Comment by joaohaas
14 days ago
Most (if not all) of these issues do not matter at all outside the scope GNU utils run in.
For example, using filepaths instead of FDs does not matter in most cases in controlled server environments, or in processes that will never run with elevated privilege (most apps).
> Most (if not all) of these issues do not matter at all outside the scope GNU utils run in.
I suspect that attitude is how we got ourselves into this mess.
You have to assume you ultimately don't control what scope your software runs in. Obviously you do, 99.999% of the time. The other 0.0001% is when someone has found another vulnerability that lets them run your program with elevated privileges in an environment you didn't expect, and then they can use it to exploit one of these bugs. Almost all exploits use a chain of vulnerabilities each one seemingly mostly harmless - your "no one can ever exploit this weakness in my program because I control the environment" will be just one step in the chain.

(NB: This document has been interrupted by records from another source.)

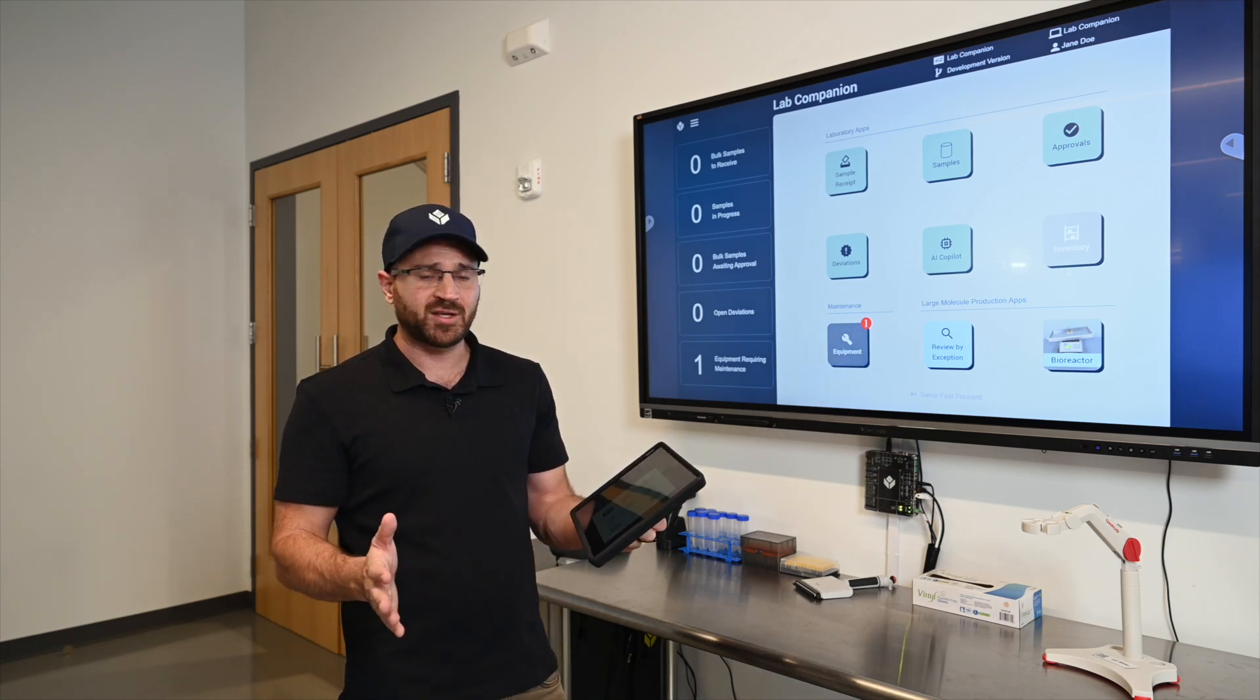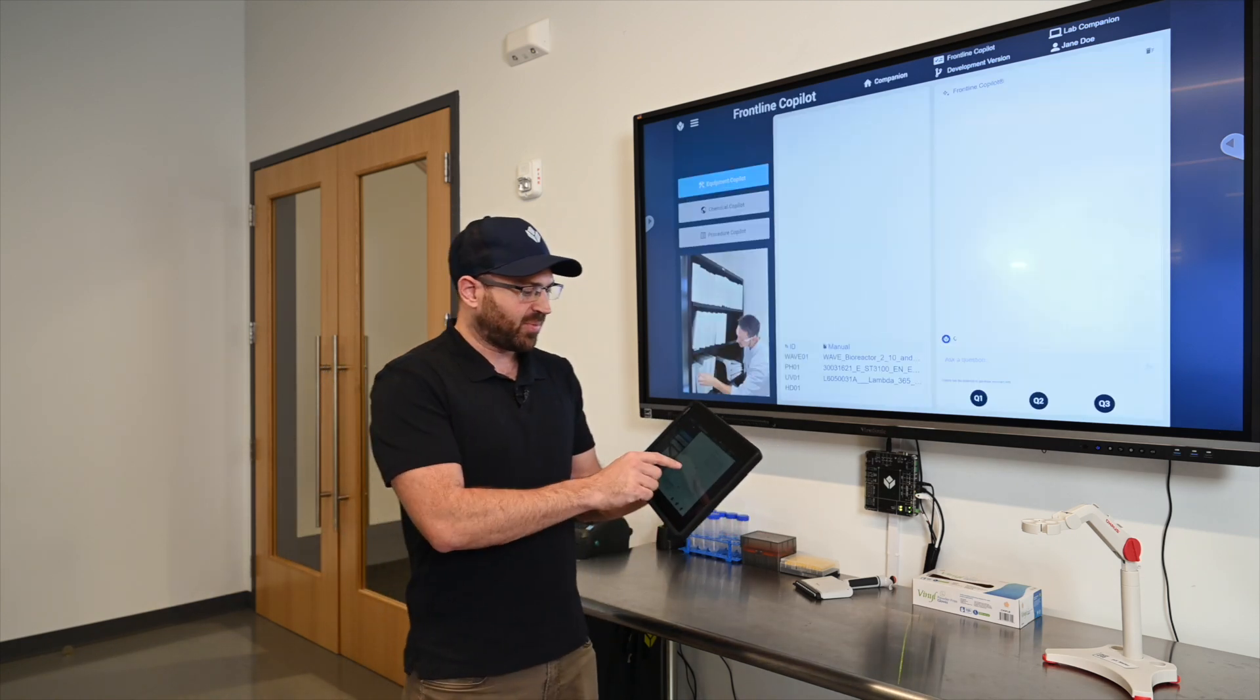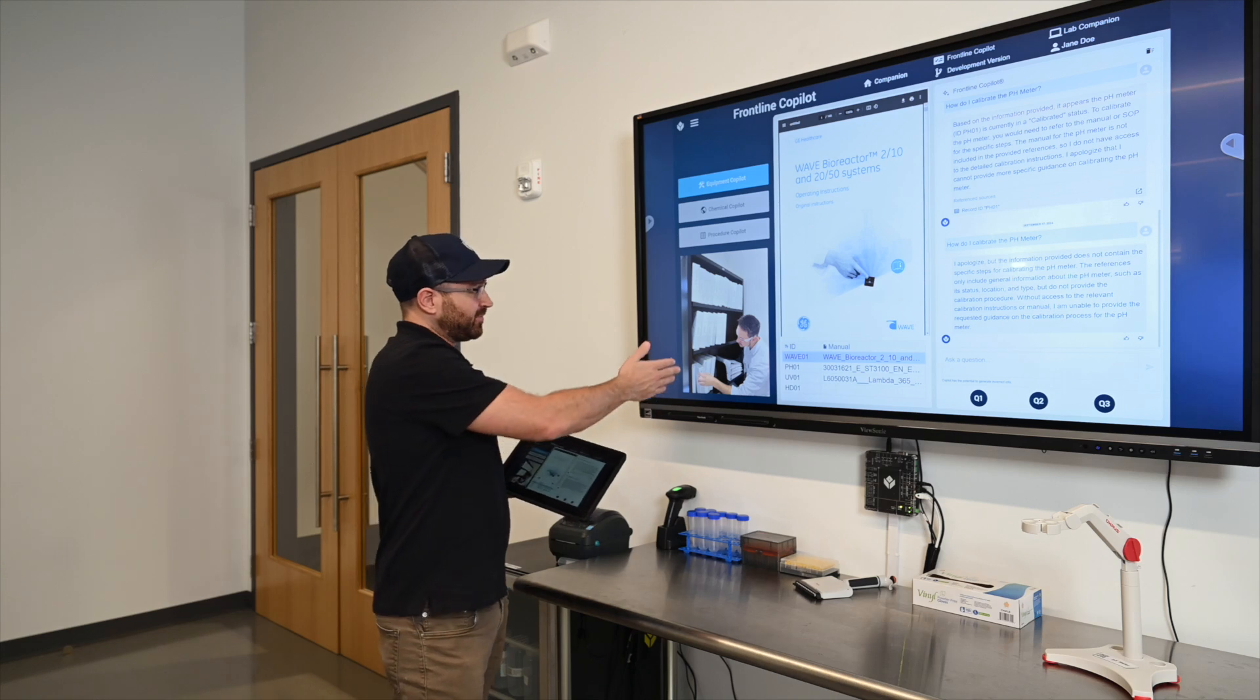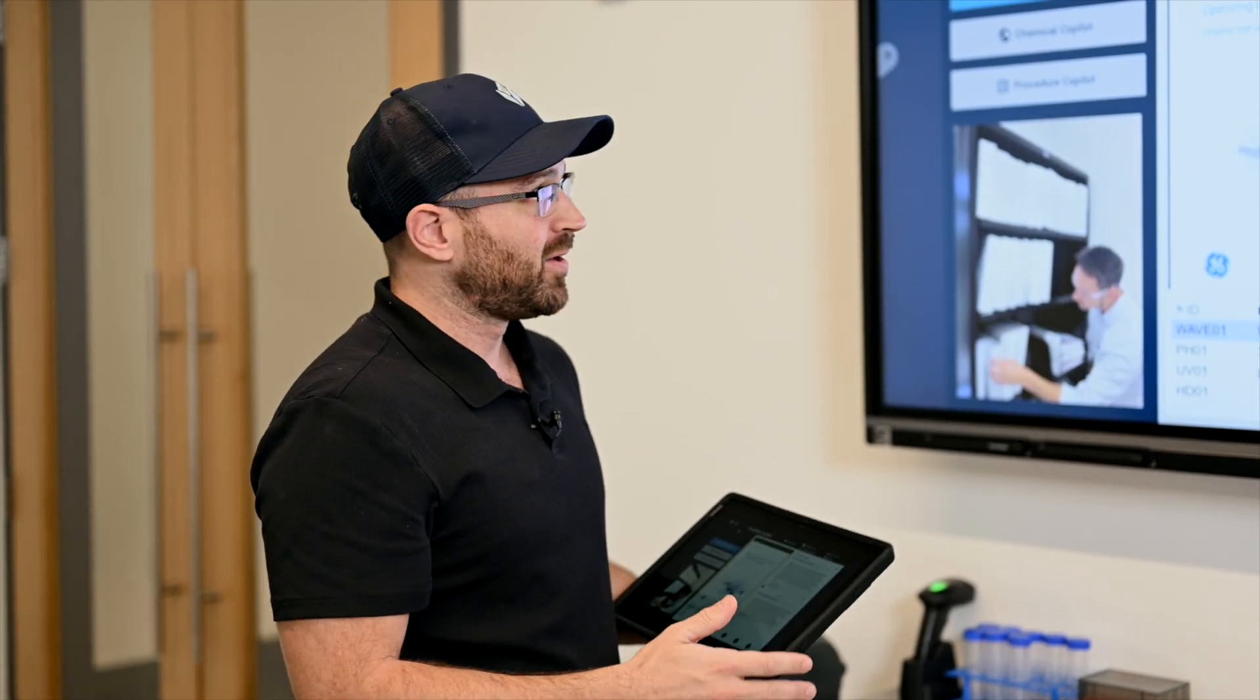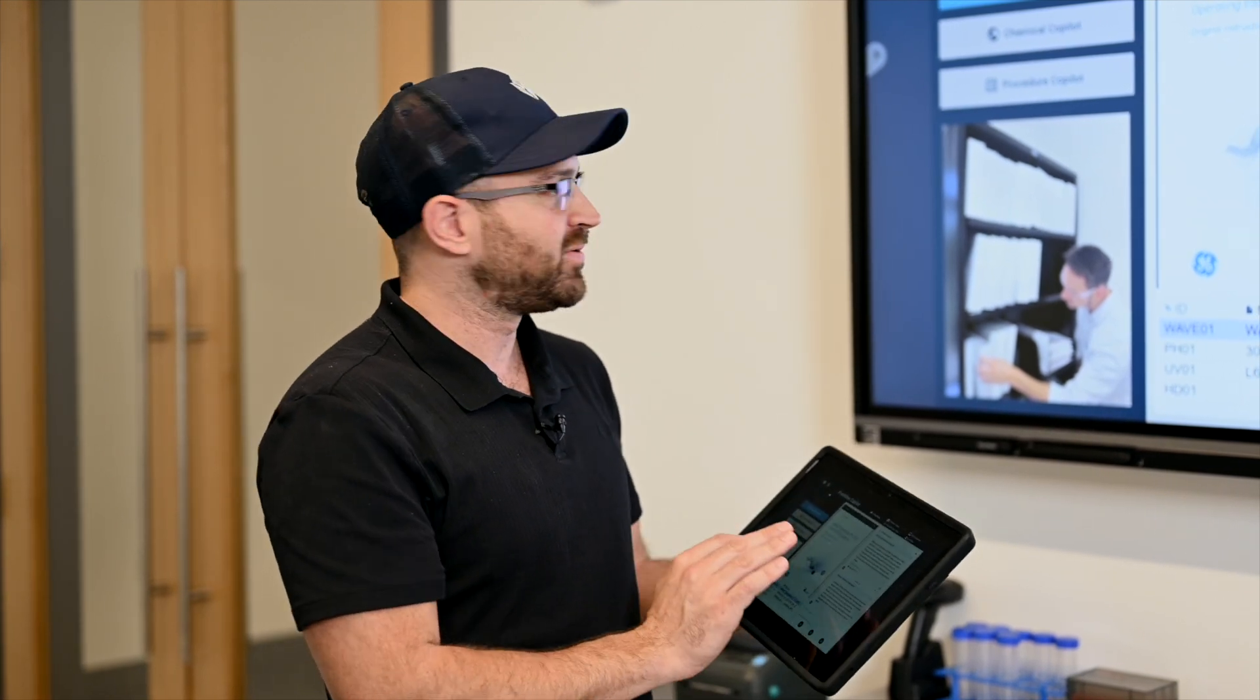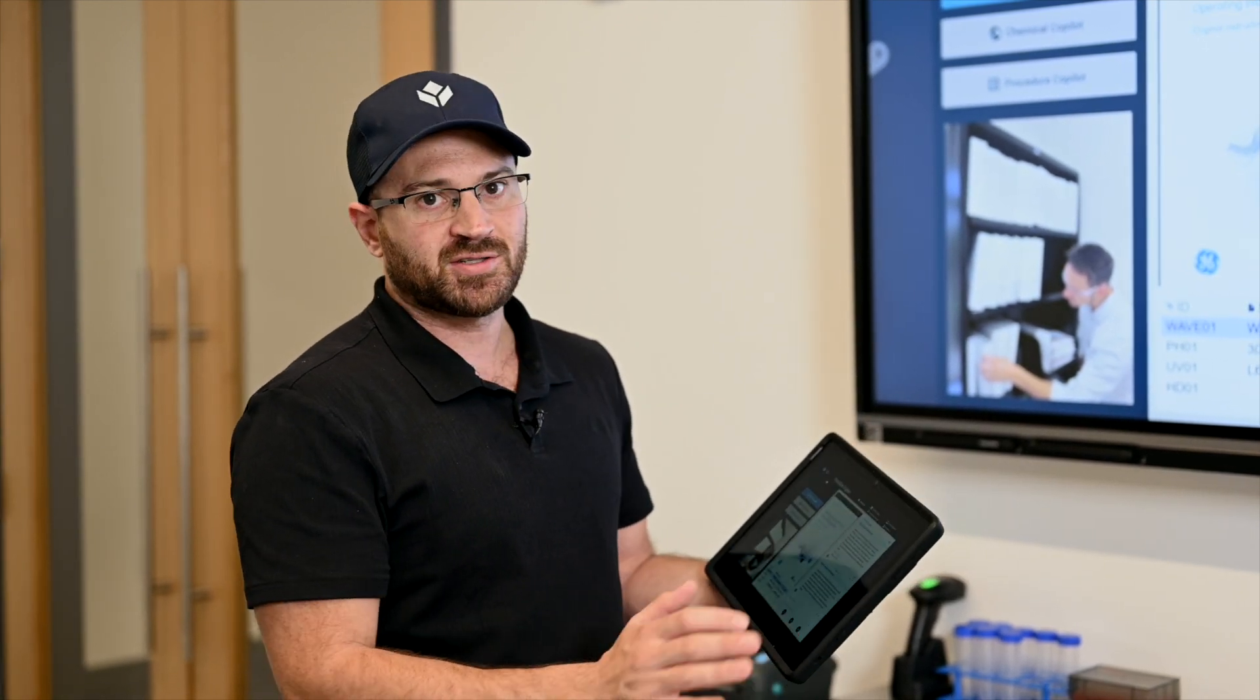There's a couple other things we added here too which I want to highlight. One of them is the Frontline Copilot. I can select this Copilot application. This is more of a general purpose application but typically what you'll find is in a lab or production environment you'll see a number of documents in a big bookshelf that show this is where you would go to find procedures and answer questions. With TULIP, TULIP can be trained on all of these different procedures and you can actually ask questions directly of these. So instead of searching through a library of books you can actually talk directly to these instructions and get answers to your questions on the fly.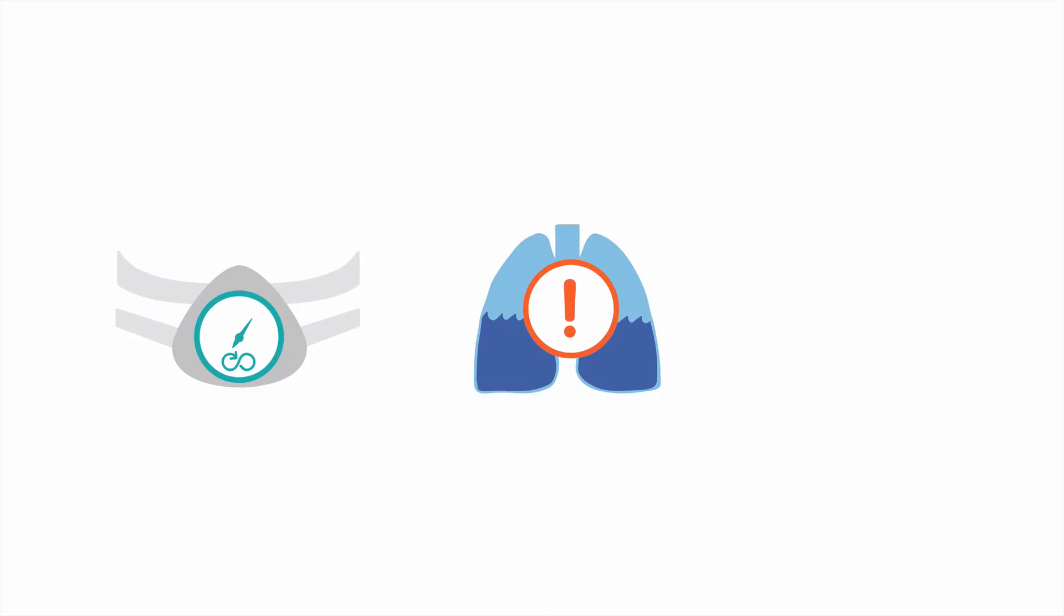Noninvasive ventilation for acute cardiogenic pulmonary edema was first evaluated in the 1930s, but didn't receive widespread use until the 1970s. In contemporary practice, the use of CPAP for acute pulmonary edema should be considered early and often.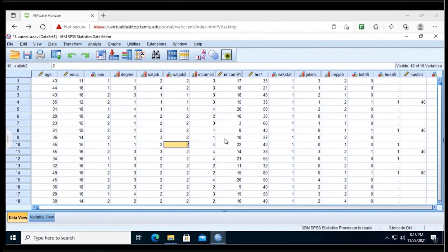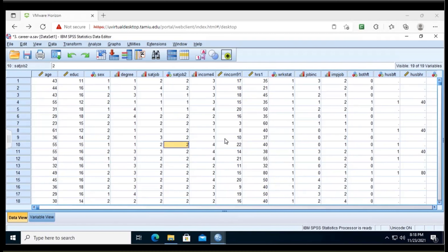Hi class, today we're going to be talking about missing data. The first thing it's important to know is that there are two types of missing data. The first one is system missing — these are not represented in the data, and examples would be an empty cell or a dot. Then we have user missing data, which is data that is coded as missing values by the researcher.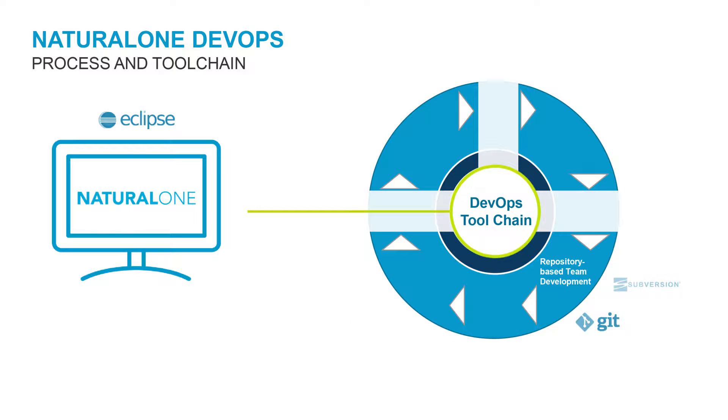Let's take a more detailed look at this part of the process, especially as it relates to a repository and the way NaturalONE is integrated.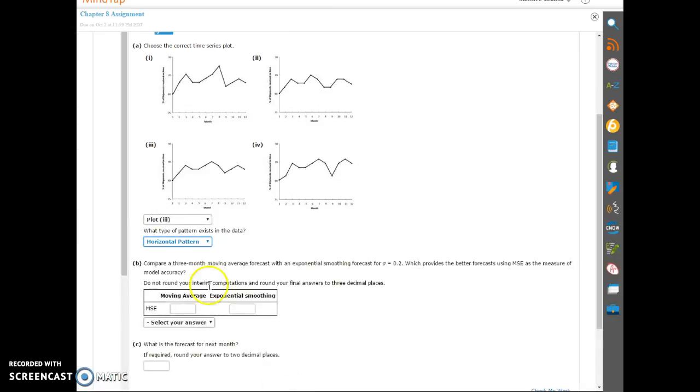So back to MindTap, the moving averages. They want three decimals. So 1.23. And then 4, the next one's 5. So it should be 1, 2, 3, 5.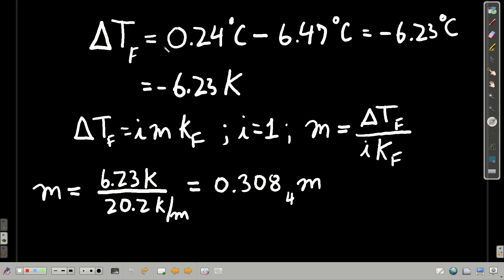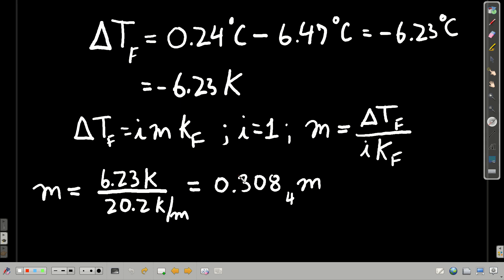Delta Tf equals the freezing point of the solution minus the freezing point of the pure solvent: 0.24 minus 6.47 = negative 6.23 degrees Celsius, which equals negative 6.23 Kelvin. Because quinine is a molecular compound, I = 1. Solving for molality — making delta Tf positive and dividing by I times Kf — gives 6.23 divided by (1 × 20.2) = 0.308 molal. That's the molality of the solution.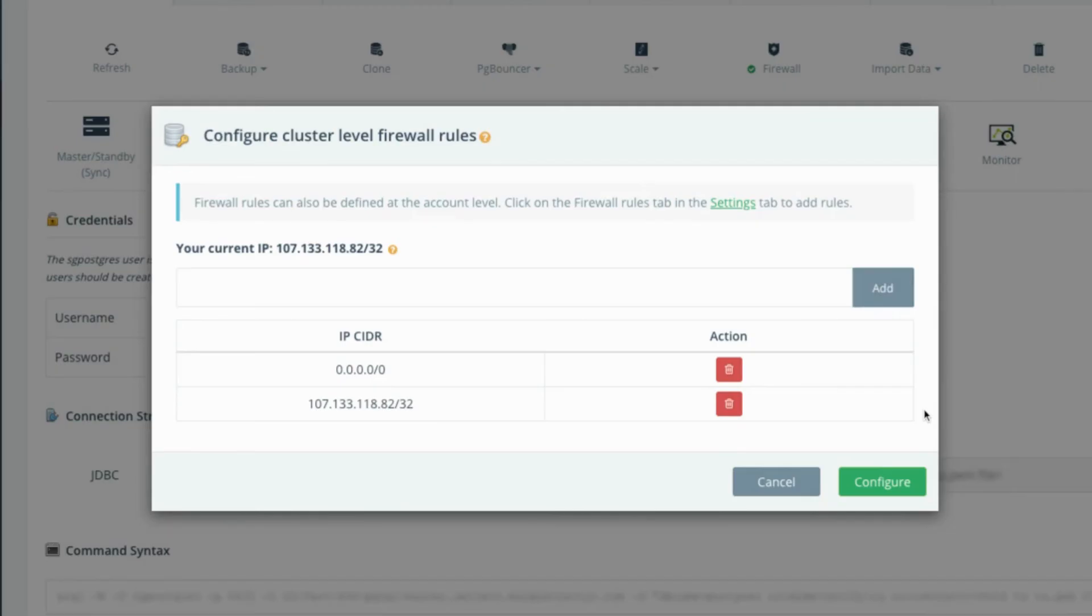Once you've entered your list, click the configure button to save your new firewall rules and start the firewall rules job.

That sounds far fetched. It is far fetched in the sense that it almost never happens. But nonetheless systems were and are exploited because of it. Once the solution was added in 2006 (openat() and friends), it should have never happened again. And indeed in the GNU utils it can't.
The people who build Rust's std::fs should have been aware of the problem and its solution because it was written in 2015. std::path was written at the same time, and that is where the change has to be made. It's not a big change either: std::path has to translate the path into a OS descriptor use that instead of the path - but only if it was available. I suspect the real issue was they had the same attitude as you, they thought it affects such a small percentage of programs it didn't really matter. That and it's a little bit of extra work.
It was a pity they had that attitude, because the extra work would have avoided this mess.